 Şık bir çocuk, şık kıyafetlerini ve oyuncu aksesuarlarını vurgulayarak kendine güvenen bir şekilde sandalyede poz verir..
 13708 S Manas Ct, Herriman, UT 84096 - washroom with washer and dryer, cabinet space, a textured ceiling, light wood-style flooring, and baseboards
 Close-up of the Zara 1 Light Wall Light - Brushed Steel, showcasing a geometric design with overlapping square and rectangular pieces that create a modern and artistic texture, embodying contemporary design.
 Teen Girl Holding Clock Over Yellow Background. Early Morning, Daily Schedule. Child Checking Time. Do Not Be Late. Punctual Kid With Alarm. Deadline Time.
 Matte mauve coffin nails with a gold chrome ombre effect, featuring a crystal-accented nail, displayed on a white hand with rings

...

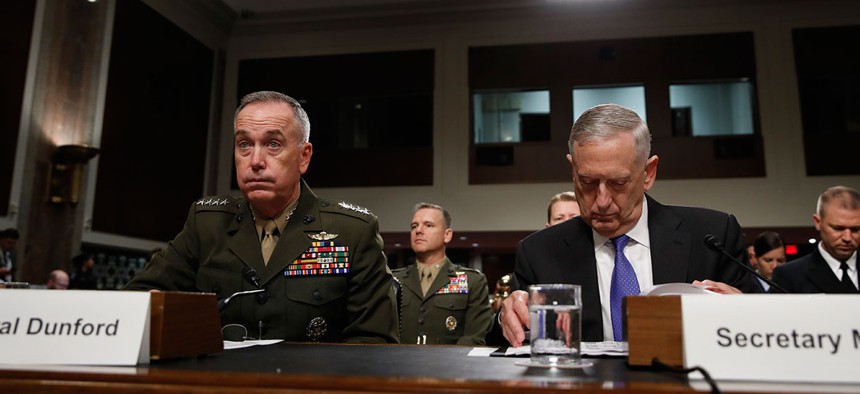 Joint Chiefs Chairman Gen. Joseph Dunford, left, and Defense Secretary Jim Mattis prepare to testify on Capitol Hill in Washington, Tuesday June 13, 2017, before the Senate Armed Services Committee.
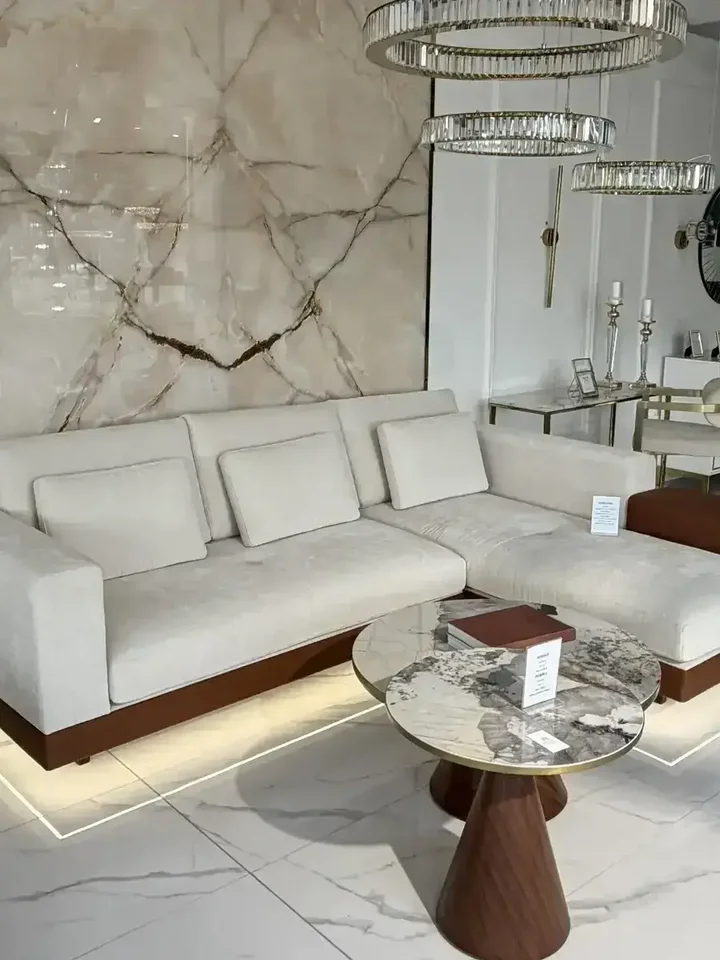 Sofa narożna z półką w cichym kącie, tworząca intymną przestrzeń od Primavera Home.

Your task
Beginning at the line with "Şık bir çocuk, şık" and stopping after the line with "13708 S Manas", please write out every line of the data above exactly and nothing else.

Output for this exercise
 Şık bir çocuk, şık kıyafetlerini ve oyuncu aksesuarlarını vurgulayarak kendine güvenen bir şekilde sandalyede poz verir..
 13708 S Manas Ct, Herriman, UT 84096 - washroom with washer and dryer, cabinet space, a textured ceiling, light wood-style flooring, and baseboards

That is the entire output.